How to complete this task> Nothing but the lines from the one with "L‘ITALIA DL DOPO BERLUSCONI" through the end of the material should be retyped, word for word and without pictures.

Available data>
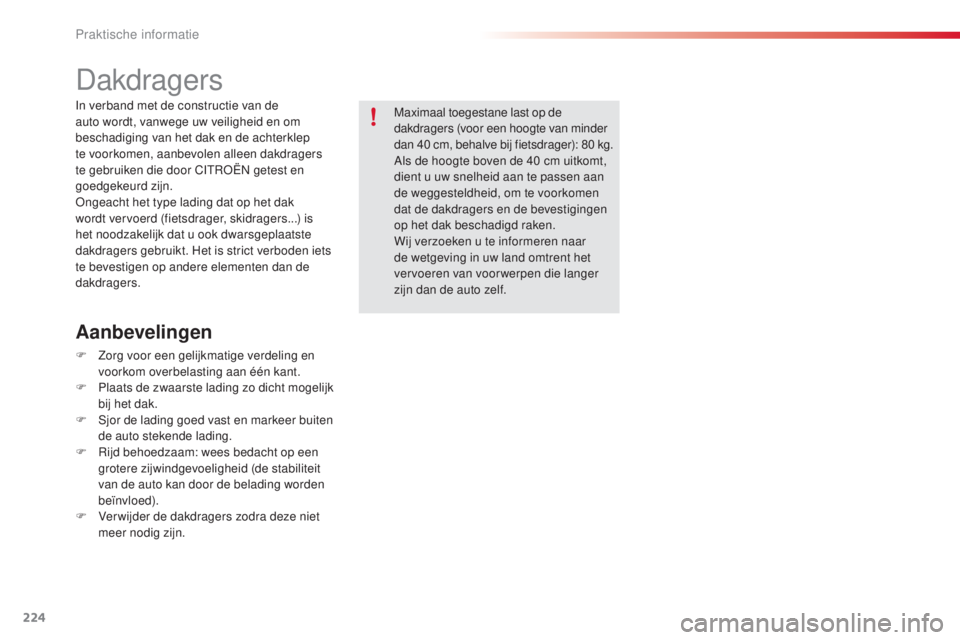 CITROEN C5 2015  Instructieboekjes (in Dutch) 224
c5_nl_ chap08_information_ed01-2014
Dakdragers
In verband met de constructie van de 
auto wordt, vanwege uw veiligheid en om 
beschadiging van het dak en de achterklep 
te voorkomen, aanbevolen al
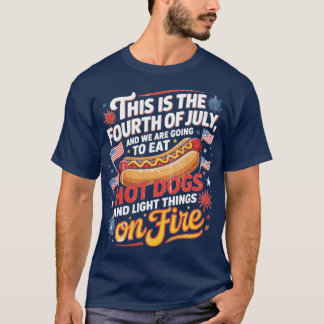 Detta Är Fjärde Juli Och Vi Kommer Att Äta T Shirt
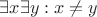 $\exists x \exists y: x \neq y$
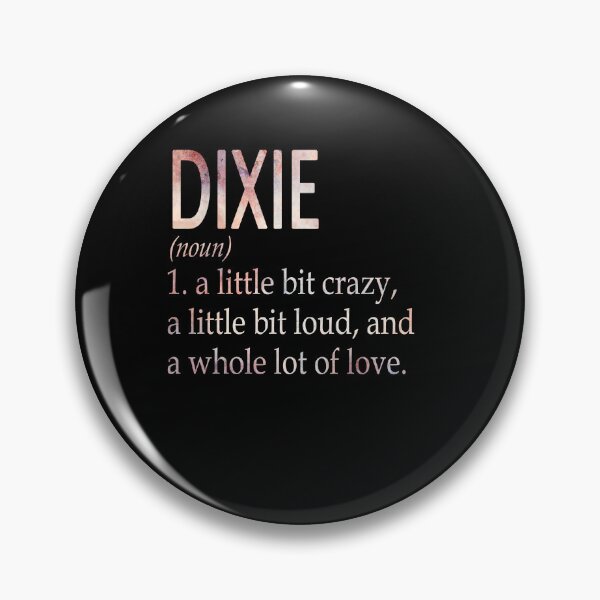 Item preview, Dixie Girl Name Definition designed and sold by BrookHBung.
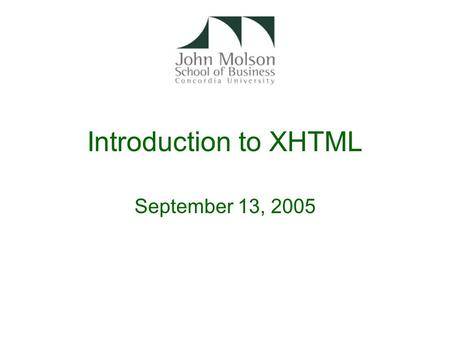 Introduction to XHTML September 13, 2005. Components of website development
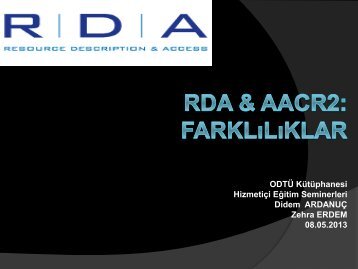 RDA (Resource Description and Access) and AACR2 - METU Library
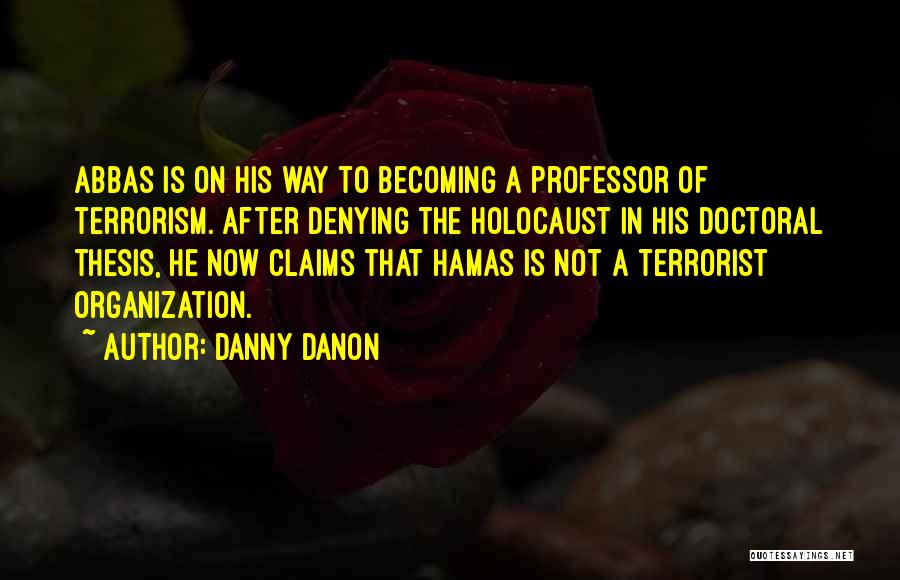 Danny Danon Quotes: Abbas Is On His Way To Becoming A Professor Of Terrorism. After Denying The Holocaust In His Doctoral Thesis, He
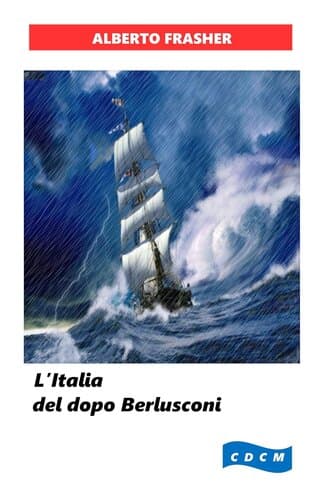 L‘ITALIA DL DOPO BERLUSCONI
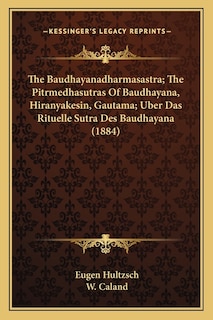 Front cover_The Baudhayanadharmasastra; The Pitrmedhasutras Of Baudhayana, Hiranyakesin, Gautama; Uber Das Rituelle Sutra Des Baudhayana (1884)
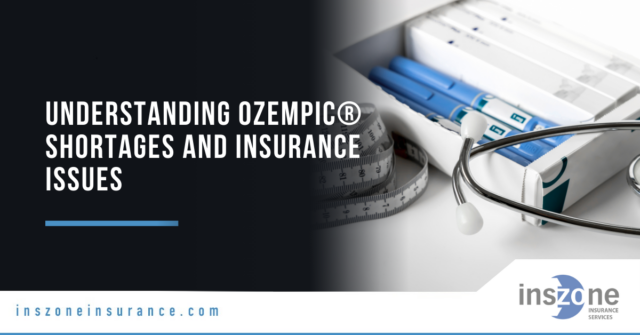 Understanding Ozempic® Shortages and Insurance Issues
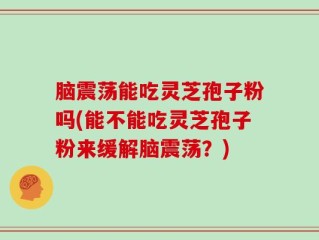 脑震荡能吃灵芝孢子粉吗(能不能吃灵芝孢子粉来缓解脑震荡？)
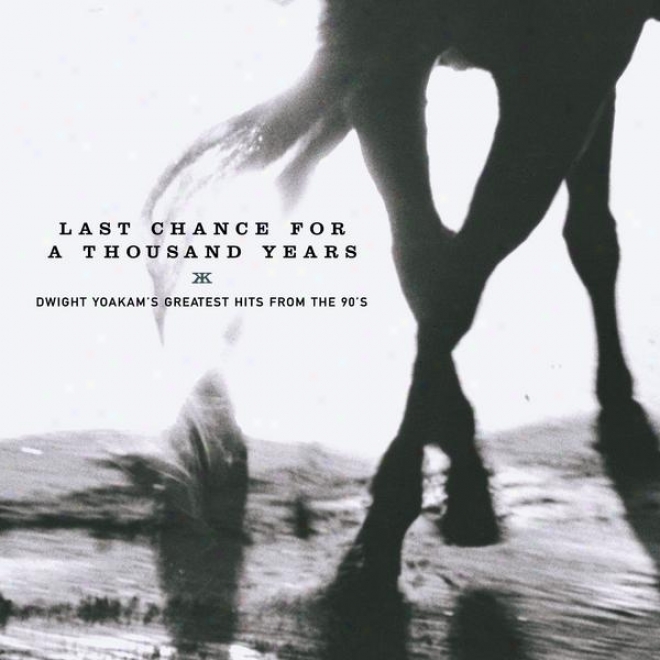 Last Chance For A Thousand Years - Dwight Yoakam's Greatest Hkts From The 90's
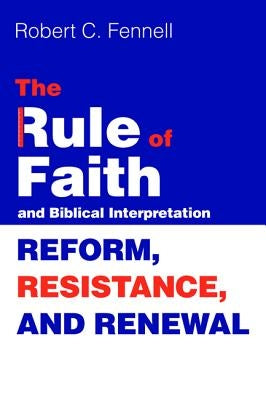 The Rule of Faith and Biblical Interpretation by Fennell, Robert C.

Reply to the task>
 L‘ITALIA DL DOPO BERLUSCONI
 Front cover_The Baudhayanadharmasastra; The Pitrmedhasutras Of Baudhayana, Hiranyakesin, Gautama; Uber Das Rituelle Sutra Des Baudhayana (1884)
 Understanding Ozempic® Shortages and Insurance Issues
 脑震荡能吃灵芝孢子粉吗(能不能吃灵芝孢子粉来缓解脑震荡？)
 Last Chance For A Thousand Years - Dwight Yoakam's Greatest Hkts From The 90's
 The Rule of Faith and Biblical Interpretation by Fennell, Robert C.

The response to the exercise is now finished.